When I think of aging I think of responsible visits
To the bank,
To the sick relative at the old age home,
To the car dealership,
To horrifically well-lit trial rooms
That force you to walk out of the store empty-handed,
To the ophthalmologist’s,
To college reunions,
To the second wedding of that month
And the third funeral of this week.
When I think of aging I think of refusal.
Refusal to subscribe to another newspaper,
To another milkman,
To another carpenter,
(even though Johnson from next door gave his word)
And to another recipe book.
It’s a refusal to pick up the monthly call from that old friend or
To that cheeky cousin that made you laugh at family gatherings,
Or to your favourite Uncle from London or
That old lover from college.
All to avoid the ringing rhetoric of Hope-You-Get-Well-Soon
And the sympathy laden enquiries of Are-You-Feeling-Better-Today
It’s the refusal of your body to work for you anymore.
Refusal of the liver,
The pancreas,
The sickly bile that’s supposed to do its job And instead hands in that letter of resignation;
Just another effort to withdraw.
When I think of aging i think of a person’s will standing there
On the frontlines, constantly being beaten down.
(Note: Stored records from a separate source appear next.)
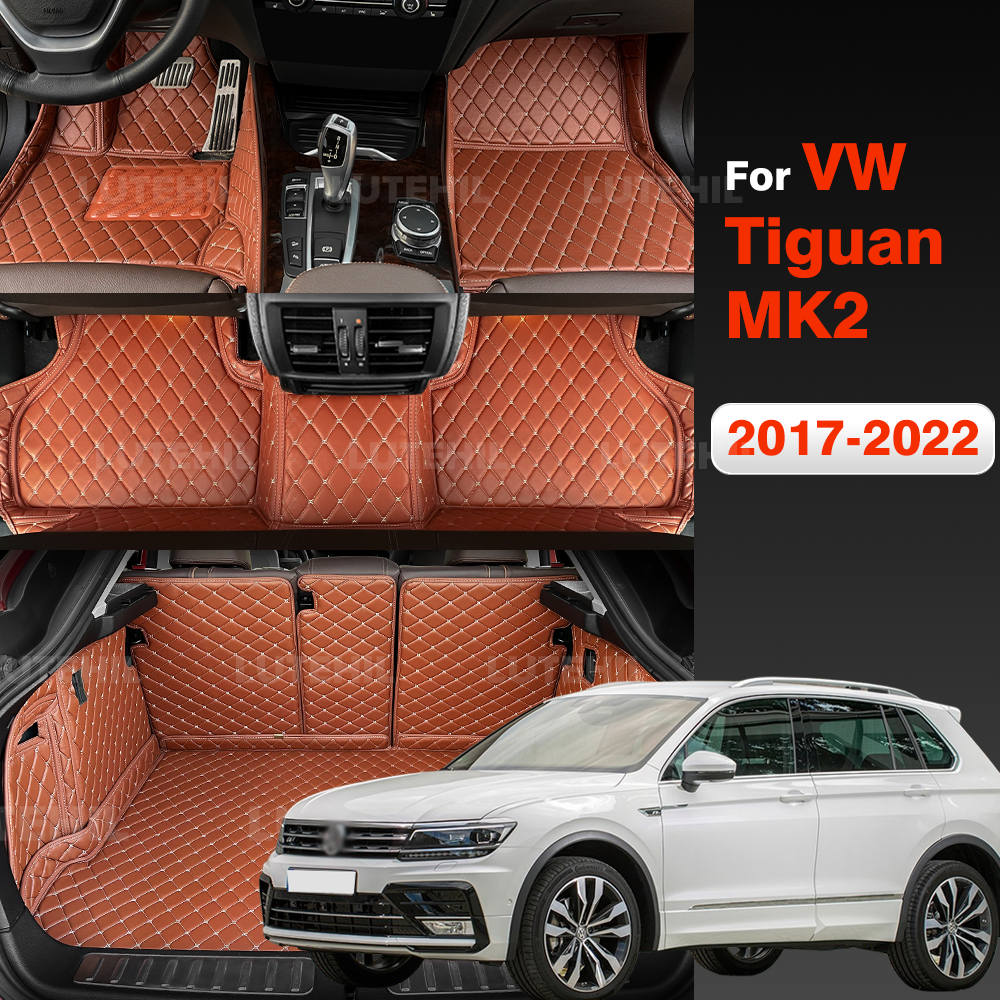 車のフロアマットフォルクスワーゲン VW ティグアン MK2 2017 2018 2019 2020 2021 2022 車のトランクマットフットパッドカーペットカバーアクセサリー
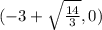 (-3+\sqrt{\frac{14}{3}},0)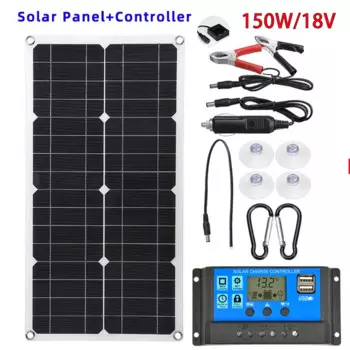 150 Вт солнечная панель 12 В солнечная батарея 10A-100A контроллер Солнечная панель для телефона RV автомобиля MP3 PAD зарядное устройство Внешний аккумулятор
Where memory wants to bring back the
Days of Elvis cassettes and Connie Francis,
The proud smile after draping the saree you bought with your first paycheck,
The sun from Saudi,
The shells catching dust in the cupboard from Bombay,
The stray dog that walked you back home every night in Delhi,
The dinner parties in Calcutta,
And the breezy nights of Scrabble,
Insulin injected thighs
and lighthouse winks from Cochin.
When I think of aging I think of
The futile alarm clock trying to wake up the
Qualia that has drifted into its
Far flung,
Hibernation.
A one way ticket to the abyss
Of Oh-I- Don’t-Recall.
I think of memory’s betrayal
And its dependency to survive,
and feed off of the memories of others With its parasitic charm.
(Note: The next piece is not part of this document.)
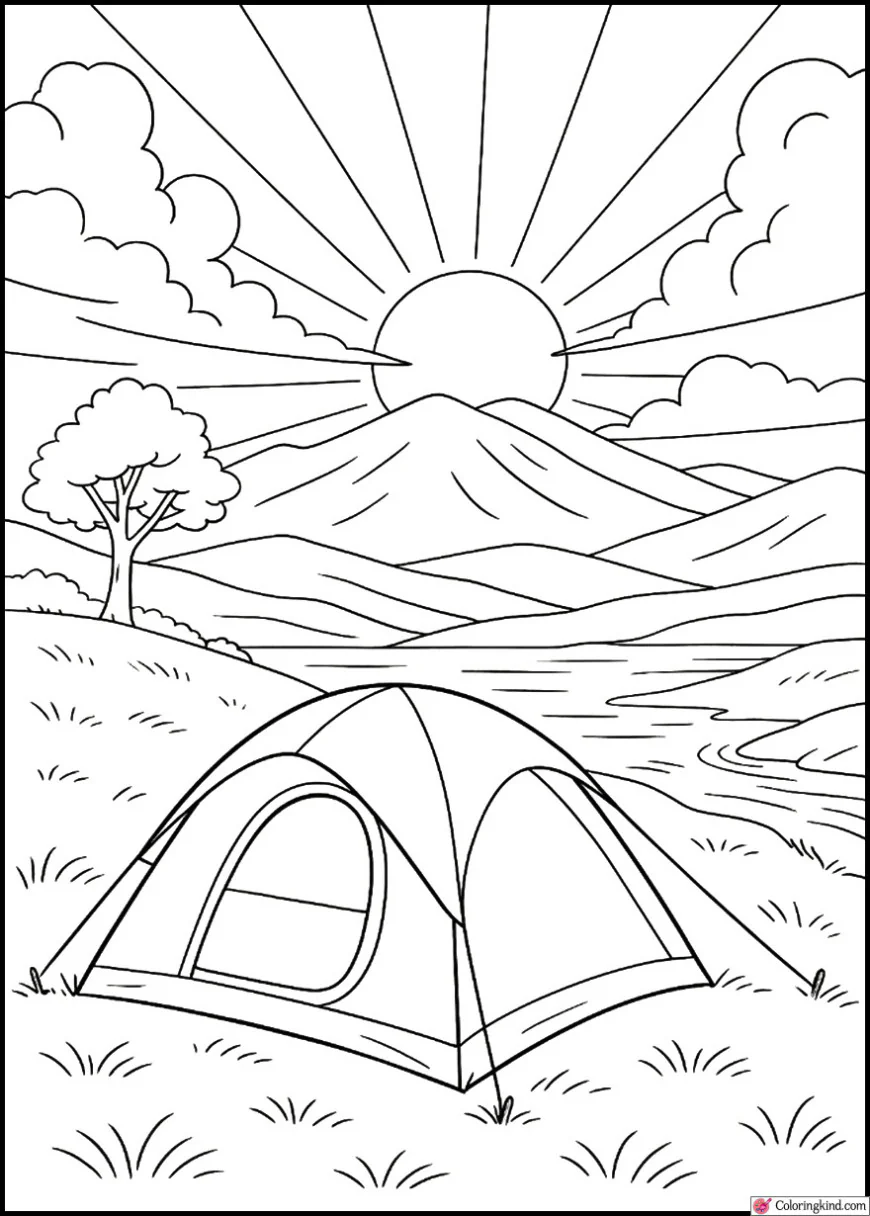 Backpacking Tent on Hilltop at Sunrise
It’s when the First’s are so long gone,
And the Last’s slip by faster than you think; Like silken sand in an hourglass.
When I think of aging I think of you,
And me
And everyone around us
And all these little Signifiers
Sitting there, waiting to provoke
And poke
and prod
the Signified.
Cuckoo clocks,
Hair dye,
Another gifted Whiskey bottle,
Sitting unopened in the cupboard,
Idle.
And dust blanketing the cover of the bedside table Bible
With it’s doggy eared Genesis and
Bookmarked Revelation.
Each making its way to the ending of the story.
The last chapter,
The final verse,
The swan song.
I think of the tears from yesterday,
The solidified breath of today
And the sheer unknownness of tomorrow.
When I think of aging I don’t want to think. I don’t need to think
Since every sign of it
Is always around,
Signalling it’s Significance.
Revealing our fixed, finite, fluctuating selves.